When I was about sixteen my Mother got lung cancer and passed away. From there it went downhill. At first it was just a party lifestyle, pills and a bit of weed, but I was caught dealing when I was 19 and went into a young offenders institution. When I came out two years later the streets were flooded with heroin. My friends were all doing it, so I tried it too and I stayed on it for the next 17 years.
I can't believe it now, but then I thieved. I begged. I lived in all kinds of hostels. I slept rough in car parks. I had no home for 17 years. I didn’t know who I was. I had no identity. From day to day I didn’t know what was going to happen - whether I was going to live or get stabbed - I didn’t care.
Luckily, at one of the hostels I stayed in, I had a great key worker who went the extra mile for me and told me about Emmaus. When I came to the Community I was so ill I was almost dead. Before Emmaus I probably stayed in about 50 different sorts of hostels and shelters over the years, but here there was no pressure to leave, and that really helped. I knew that I had time on my side, and I could gradually ween myself off my medication. If I stumbled, which I did a couple of times, I knew that the staff would help me get up again.

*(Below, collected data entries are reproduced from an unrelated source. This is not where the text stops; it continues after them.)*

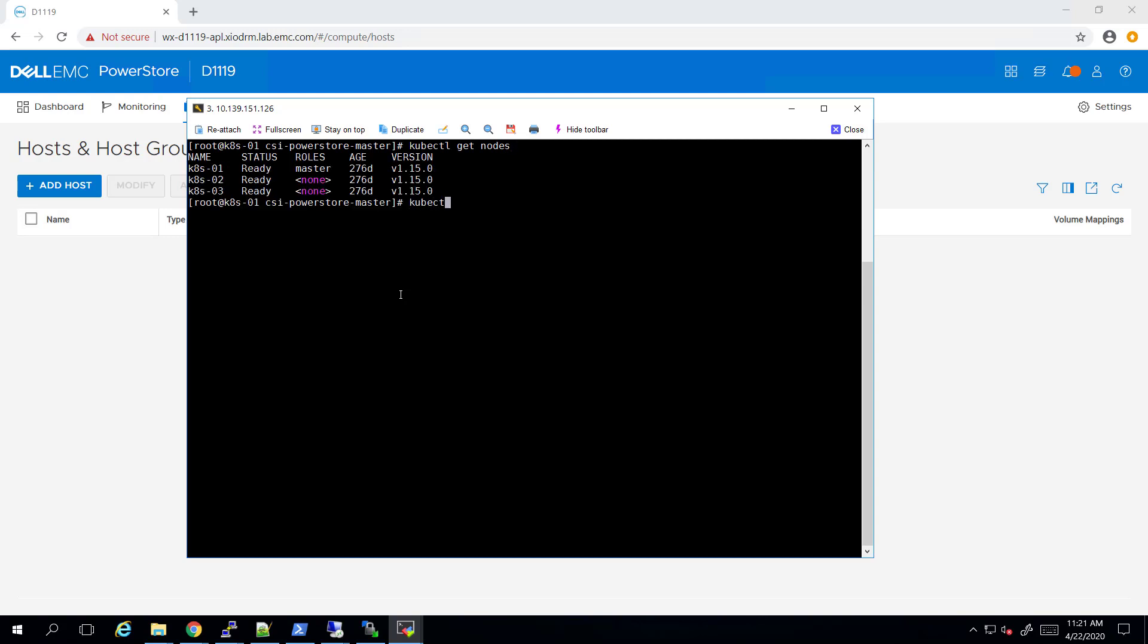The CSI plugin allows us to manage the Kubernetes persistent volume lifecycle by creating, mapping and formatting the PowerStore volumes. Now let's deploy the CSI plugin.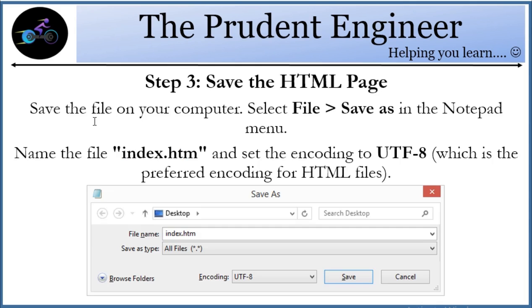Go to 'Save As' in the Notepad menu and name the file, but at the end make sure to write '.htm' or '.html' as the extension. The encoding should be set to UTF-8, which is the preferred encoding for HTML files.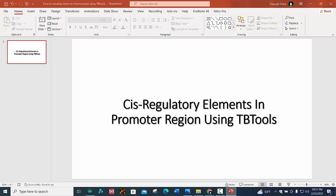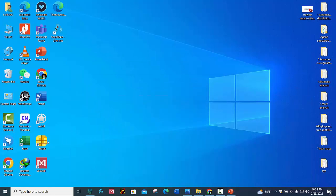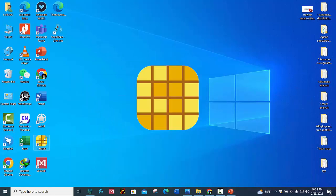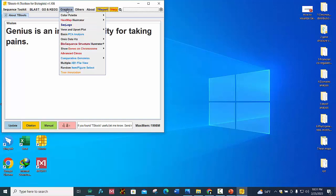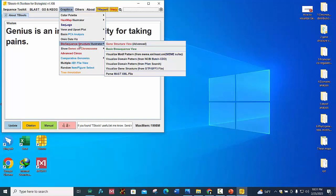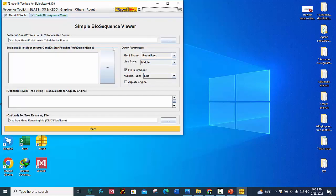First open your TBtools software and go to graphics, click on biosequence structure illustrator and open this basic biosequence viewer. Here you can see we need these three files.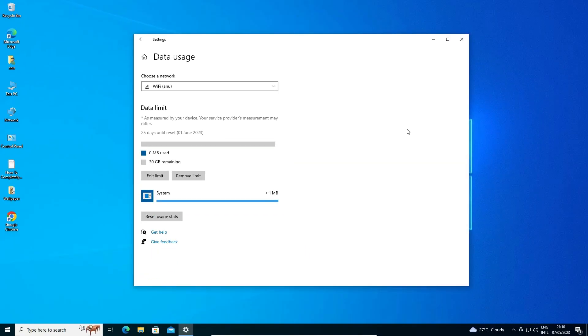Now our internet connection is off after our 30 GB is done. If your data limit is 30 GB, then after 30 GB there is no internet access on your PC.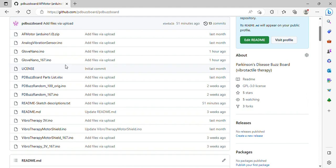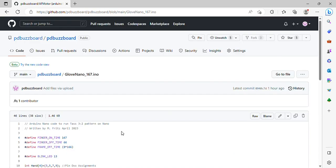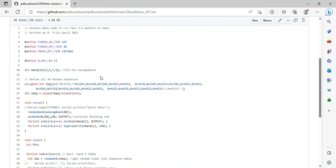A number of folks have asked if they can modify or make changes to the code. Of course — PD is very personal, and different code gets different results. Not everything works for everybody. Starting with Michael's code for the random, at the top you'll see finger on time — this is the pulse time of the motors, the time the motor will be on. Finger off time is the pause between pulses, and then the frame off time, here at 8 by 166, is that pause. So if you want a shorter or longer pulse, you can change this; if you want to shorten or lengthen the pause time, this is where it's done.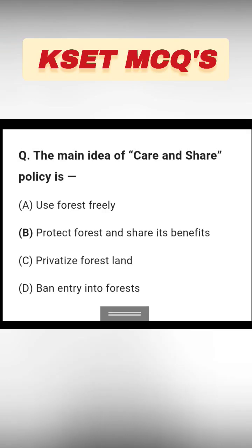The main idea of the Care and Share policy: options are use forest freely, protect forest and share benefits, privatize the forest land, and ban entry into forest. The right answer is option B: protect forest and share benefits.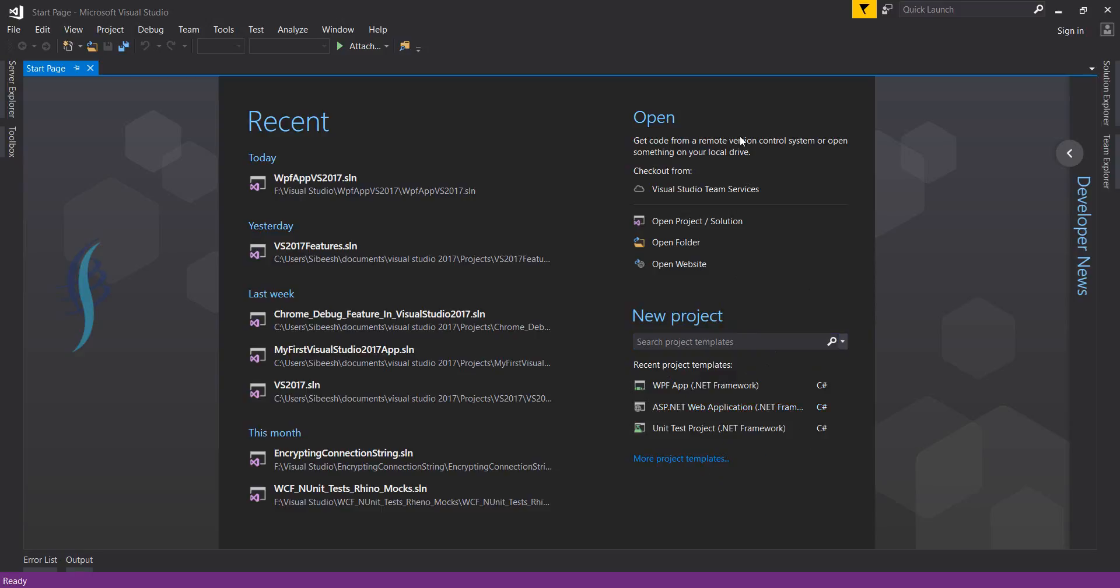Now we have an Open section here. It has two categories: one is checkout from, and one is from the local folder or project or website. I'll talk about the checkout option.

Over the last few years, I've had to rebuild myself as a person. When I arrived I was a bit of a jack-the-lad, but all my bravado came from drugs. I have had to build up confidence in my own work and my abilities and that has taken time and concentration. Since being here I have taken qualifications in First Aid, Health and Hygiene, Recognising the Symptoms of ADHD and more, as well as courses in management-related subjects.
This is because, after being clean for more than four years, I am going to begin training as a deputy Community manager. This will not be an easy task, and getting here meant I had to be determined. I've had to learn how to manage my temper and I've had to learn how to see the bigger picture, but I have been helped to do this by some great staff, and by being given the opportunity to travel.
I've seen how Communities are run in France, Spain, Italy and soon, I will be going to Africa to help with an Emmaus project there. Understanding that I am part of an international organisation has allowed me to see how I can help others and I have organised training events for Companions from France, Germany Holland and Poland. I’m also active in running football tournaments with local youth teams and other homeless organisations and last year I won an award for my solidarity work - which recognises the amount of time and effort that I have given to helping others.
My new confidence will not only help at work, but has also allowed me to take steps into relationships with women, and to reconnect with my family, after being estranged from them for more than a decade. I’m really proud of how far I have come in the last few years, and I’m looking forward to taking on more responsibility."